Would you please help me? In which part of the SDK I should search?

Thanks

[sh0]

I have some good news, I believe I have figured out the depth-color parameters.

The important parameters reside in intrinsics[25] (RgbCameraParamsResponse structure). New layout is as follows:

struct s_intrinsics {
    float color_f;
    float color_cx;
    float color_cy;

    float shift_d;
    float shift_m;

    float mx_x3y0; // xxx // 0x40
    float mx_x0y3; // yyy // 0x44
    float mx_x2y1; // xxy // 0x48
    float mx_x1y2; // yyx // 0x4c
    float mx_x2y0; // xx  // 0x50
    float mx_x0y2; // yy  // 0x54
    float mx_x1y1; // xy  // 0x58
    float mx_x1y0; // x   // 0x5c
    float mx_x0y1; // y   // 0x60
    float mx_x0y0; //     // 0x64

    float my_x3y0; // xxx // 0x68
    float my_x0y3; // yyy // 0x6c
    float my_x2y1; // xxy // 0x70
    float my_x1y2; // yyx // 0x74
    float my_x2y0; // xx  // 0x78
    float my_x0y2; // yy  // 0x7c
    float my_x1y1; // xy  // 0x80
    float my_x1y0; // x   // 0x84
    float my_x0y1; // y   // 0x88
    float my_x0y0; //     // 0x8c
};

There are two other important parameters for calculations:

float depth_q = 0.01;
float color_q = 0.002199

The numeric values of those parameters are hardcoded defaults that I found. From structure layouts these values should have been sent between shift_m and mx_x3y0, but are missing. Unless someone finds those values in some packet I guess we can treat them as constants.

First we need to undistort the depth map:

void kinect2_undistort(float dx, float dy, float& mx, float& mx)
{
    float ps = (dx * dx) + (dy * dy);
    float qs = ((ps * depth_k3 + depth_k2) * ps + depth_k1) * ps + 1.0;
    for (int i = 0; i < 9; i++) {
        float qd = ps / (qs * qs);
        qs = ((qd * depth_k3 + depth_k2) * qd + depth_k1) * qd + 1.0;
    }
    mx = dx / qs;
    my = dy / qs;
}

Next we project the depth point to the color frame coordinates:

void kinect2_depth_to_color(float mx, float my, float z, float& rx, float& ry)
{
    mx *= depth_f * depth_q;
    my *= depth_f * depth_q;

    float wx =
        (mx * mx * mx * mx_x3y0) + (my * my * my * mx_x0y3) +
        (mx * mx * my * mx_x2y1) + (my * my * mx * mx_x1y2) +
        (mx * mx * mx_x2y0) + (my * my * mx_x0y2) + (mx * my * mx_x1y1) +
        (mx * mx_x1y0) + (my * mx_x0y1) + (mx_x0y0);
    float wy =
        (mx * mx * mx * my_x3y0) + (my * my * my * my_x0y3) +
        (mx * mx * my * my_x2y1) + (my * my * mx * my_x1y2) +
        (mx * mx * my_x2y0) + (my * my * my_x0y2) + (mx * my * my_x1y1) +
        (mx * my_x1y0) + (my * my_x0y1) + (my_x0y0);

    rx = wx / (color_f * color_q);
    ry = wy / (color_f * color_q);

    rx += (shift_m / z) - (shift_m / shift_d);

    rx = rx * color_f + color_cx;
    ry = ry * color_f + color_cy;
}

I also have some knowledge about the internal LUTs, but they are quite uninteresting.
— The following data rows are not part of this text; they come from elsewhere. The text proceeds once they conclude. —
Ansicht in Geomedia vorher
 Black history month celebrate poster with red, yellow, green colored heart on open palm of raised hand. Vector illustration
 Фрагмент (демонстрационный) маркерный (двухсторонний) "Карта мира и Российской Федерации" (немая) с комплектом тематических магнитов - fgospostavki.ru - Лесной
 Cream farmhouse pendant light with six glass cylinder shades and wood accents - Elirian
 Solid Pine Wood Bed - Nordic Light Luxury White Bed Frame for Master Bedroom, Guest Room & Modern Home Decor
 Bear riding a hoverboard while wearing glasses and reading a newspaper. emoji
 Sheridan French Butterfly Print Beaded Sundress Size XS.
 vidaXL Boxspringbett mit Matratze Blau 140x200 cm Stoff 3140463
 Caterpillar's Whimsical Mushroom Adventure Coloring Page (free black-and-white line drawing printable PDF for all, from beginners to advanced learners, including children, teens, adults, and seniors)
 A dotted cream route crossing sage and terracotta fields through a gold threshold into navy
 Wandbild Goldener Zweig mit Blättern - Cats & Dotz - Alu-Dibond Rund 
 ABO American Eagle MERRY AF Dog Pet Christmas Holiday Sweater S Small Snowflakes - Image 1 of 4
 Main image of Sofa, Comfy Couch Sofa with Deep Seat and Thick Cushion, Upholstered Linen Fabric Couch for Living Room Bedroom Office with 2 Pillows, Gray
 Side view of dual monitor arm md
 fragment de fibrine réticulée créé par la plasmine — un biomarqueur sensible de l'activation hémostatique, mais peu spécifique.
There are some implications of the way the color coordinates are calculated. Main thing is that there is no simple rotation and translation transform available to move from the color camera to depth camera space.

[floe]

Awesome, thanks for the information! Can you share how you found this? It looks like you already have a working implementation, could you perhaps send a pull request?

[christiankerl]

Nice work. Do you also have some insights on how to compute the xtable and ztable used for the depth computation?

[sh0]

I explored the internals of kinect20.dll for about a week to get this info. Essentially the ICoordinateMapper interface contains all functions to convert between coordinate systems. The guess was that since there are so many different functions available in that interface, then the underlying transformations are probably also done nearby. I think I had to dig two classes deep starting from CoordinateMapper to find the core algorithms. The optimizations are not too heavy so it was mostly readable assembly except for the loop unrolling which was quite annoying in case of undistortion code. I think I also saw a single pass undistort somewhere and there seemed to be 5-pass undistort in the service exe, but it might be totally unrelated. Main data structure for the CoordinateMapper constructor came as a 0x84 byte block (hence block84) consisting all of floats which is transformed into 0x90 byte data block (hence block90) for use in calculations. I haven't really been able to trace when the block84 is copied into kinect20.dll. However the intrinsics[25] had somewhat similar layout as block84 so I could just make guesses and everything worked.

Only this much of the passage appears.